Opinión

Las ermitas

Habían escogido como lugar de esparcimiento, ese día, el Pico de San Bernabé. Si miras el mapa dirás que la distancia no es excesivamente notable. Claro que nosotros teníamos 9, 10 u 11 años y subir aquella cuesta desde el Santuario suponía un esfuerzo notable. Tanto es así que yo nunca llegué a entender, por qué le llamaban “La Resurrección” a aquel altozano desde el que partía la carretera. Eufemismo notable porque todos nosotros allí llegábamos ya muertos.

Los señores clérigos, entrenados sin duda en aquellos campamentos de Juventudes, pretendían animarnos a seguir aquel desplazamiento con canciones adecuadas tales como “acelere señor conductor, acelere” o “un gato quería meterse en un zapato” … La verdad es que íbamos pidiendo continuamente un tiempo de descanso que nos negaban con la explicación de “ya falta menos”.

Al llegar a Cambela uno de aquellos discurrió dulcificar el trayecto con alguna arenga de tipo religioso. Extenuados ya no podíamos ni con las “Juanolas” que habíamos comprado en la farmacia de Santa Cruz el domingo anterior, en otro de aquellos desplazamientos culturales. El grito de arrojo que estrenó era el de “¡Viva la Virgen de las Ermitas!”. Y todos, claro, contestábamos: “que viva”.

Se me antoja llamar a aquellos kilómetros que hicimos como” las siete leguas” ya que refleja mejor lo que me costó caminarlas. No les diré cuántas, con exactitud, porque aún no se ha inventado la fórmula en la que aparezca la candidez de unos niños, multiplicada por su nostalgia familiar, llamémosle soledad, y dividido todo por 4,832.

Al llegar al alto de Covelo ya jadeantes, fatigados y agotados, el superior hizo el grito de “Que viva…” mucho más fuerte. Entonces no contestamos al unísono y estoy seguro de que pensamos en nuestras cabecitas de chorlito: “Sí… que viva… pero, caramba, que no viva tan lejos”.

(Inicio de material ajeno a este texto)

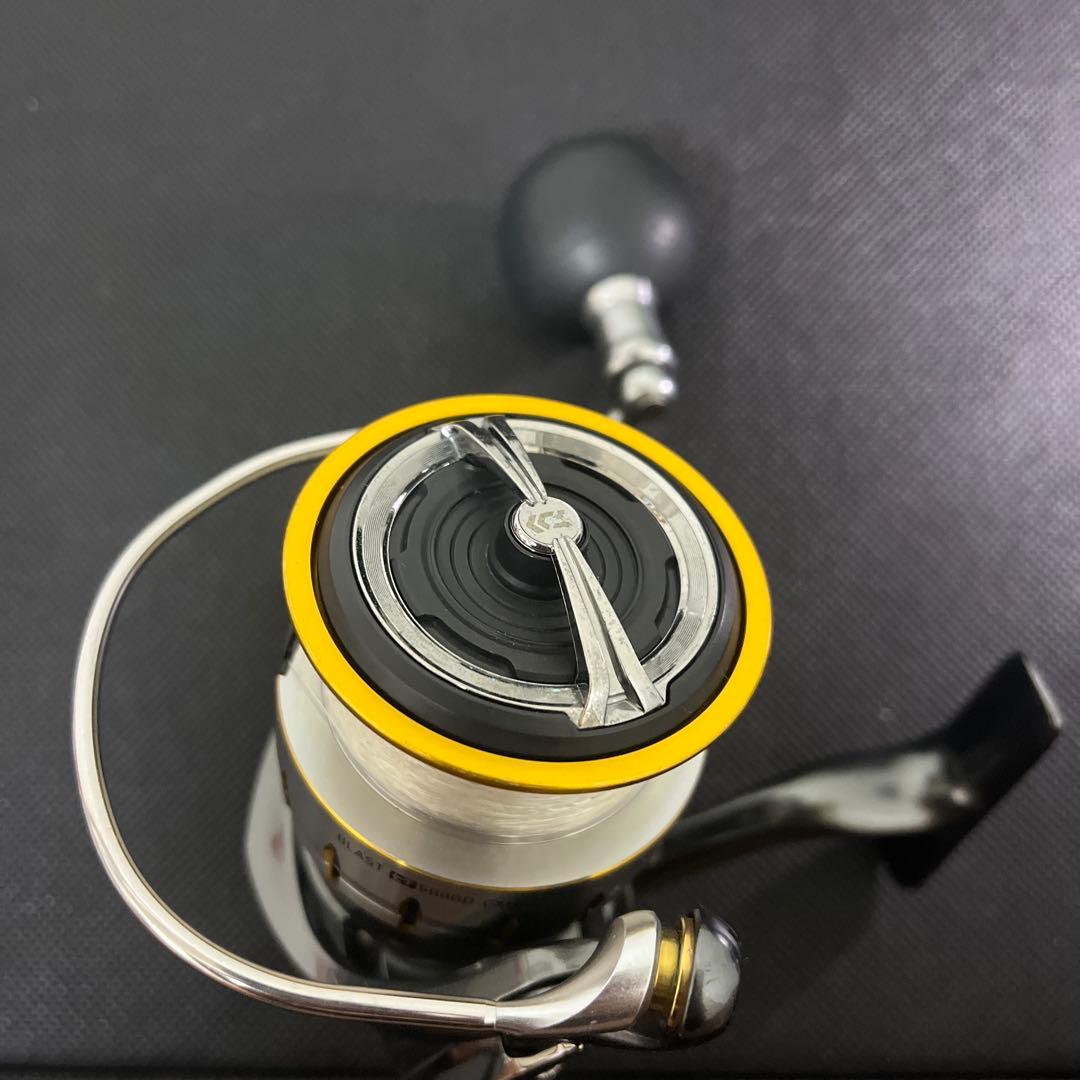 ダイワ　ブラストLT 5000 D -CXH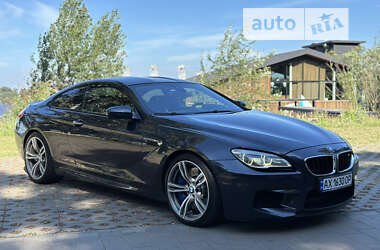 Купе BMW M6 2017 в Киеве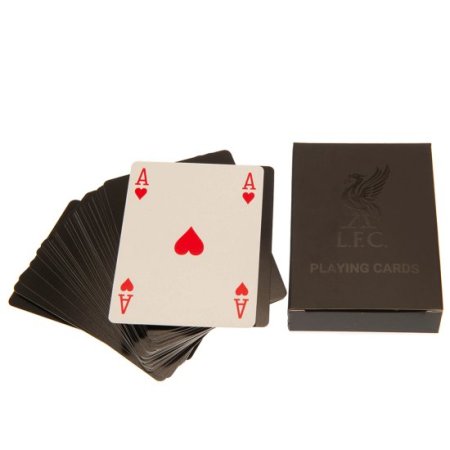 (image for) Liverpool FC Executive Playing Cards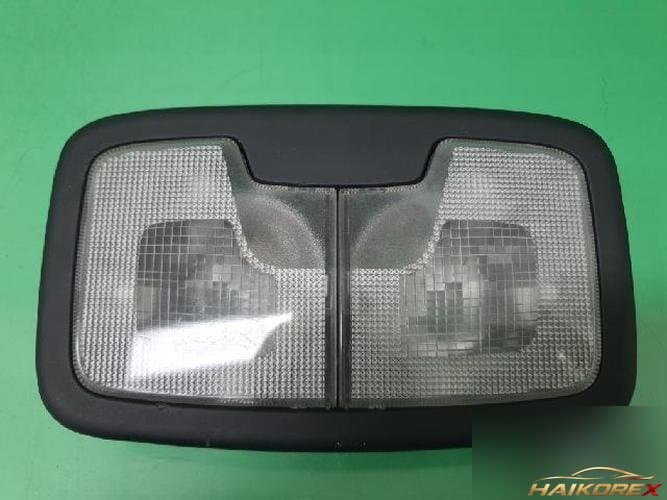 Kia K7 2010 — плафон салона 1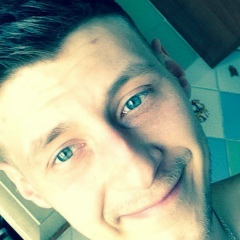 Антон Луценко, 01.01, Киев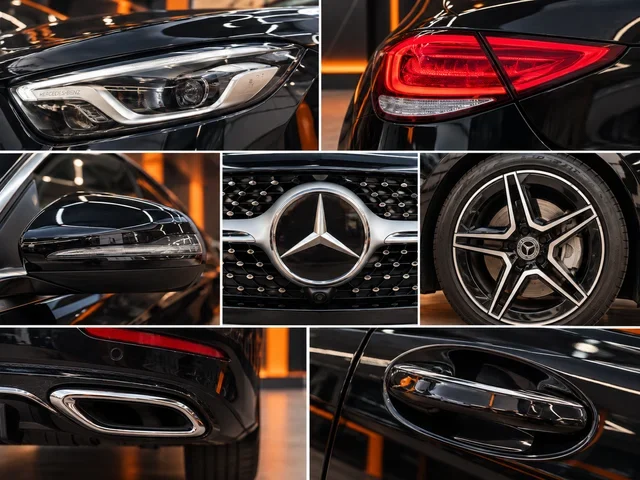 MERCEDES-BENZ CLS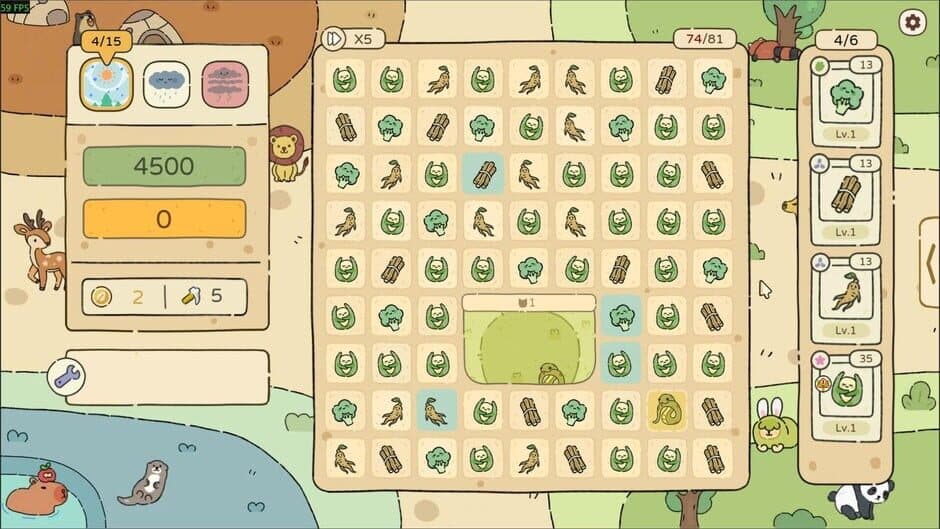 Скриншот 8 из Chosen Garden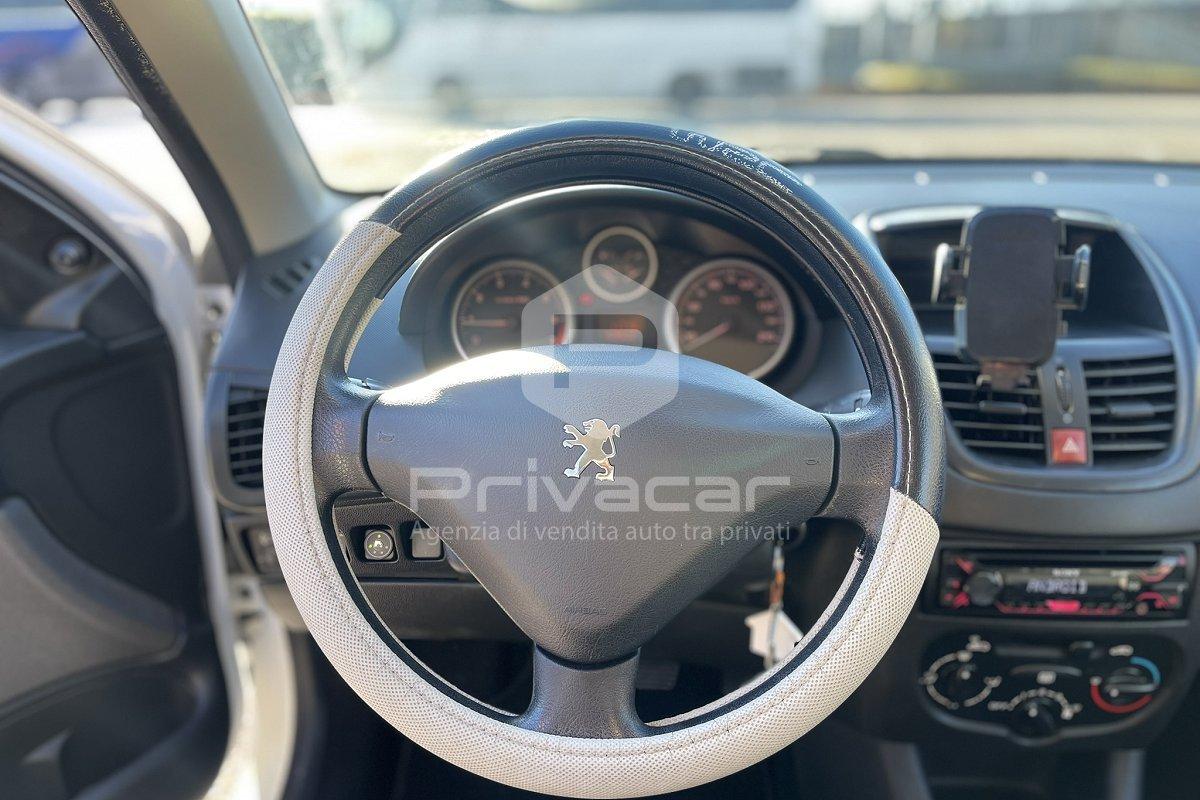 PEUGEOT 206 Plus 1.1 60CV 3p. Plus ECO GPL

Comimos, al fin sentados, nuestras meriendas que eran unos bocadillos de pan con una pastilla de chocolate “H. Granell” y bebimos en aquella fuentecita de las curvas de la carretera comarcal. Ah… y aunque nunca llegamos al pico de San Bernabé entendimos aquella expresión popular en las tierras de O Bolo: “San Bernabé anda no monte coa capa remendada… o que mal comeza mal acaba”.

Volver a casa hace siempre bonito el viajar, aunque sea a pie, pero aquel día era no sólo volver a aquel Seminario menor, nuestra casa momentánea sino a Las Ermitas, un lugar precioso. Allí después de crear el mundo estoy seguro de que descansó el creador recostado sobre los viñedos que se agarran asustados para no caerse sobre aquella cinta de plata que es el Bibey. Puestas a salvo sus espaldas le quedaría en el tobillo As Escadas y allí muy arriba, donde suponemos su corona, el airoso Soutipetre. Ambos de Manzaneda, donde los ángeles se posan y admiran aquel que más que valle es un cuenco vegetal y acuoso, el anfiteatro de pedruscos, tierra fértil, olivos inventados por los labradores ingeniosos y aguiluchos planeadores.

Cuando vuelvo, hoy, aún me saludan majestuosos los dos cipreses que miré al despertar cuando era un chico y abría la ventana. Deseaba entonces que entrase mi otra madre, aquella del Santuario de piedra, para que me arropase esta melancolía de niño con olor a pan centeno que se me quedó pegada.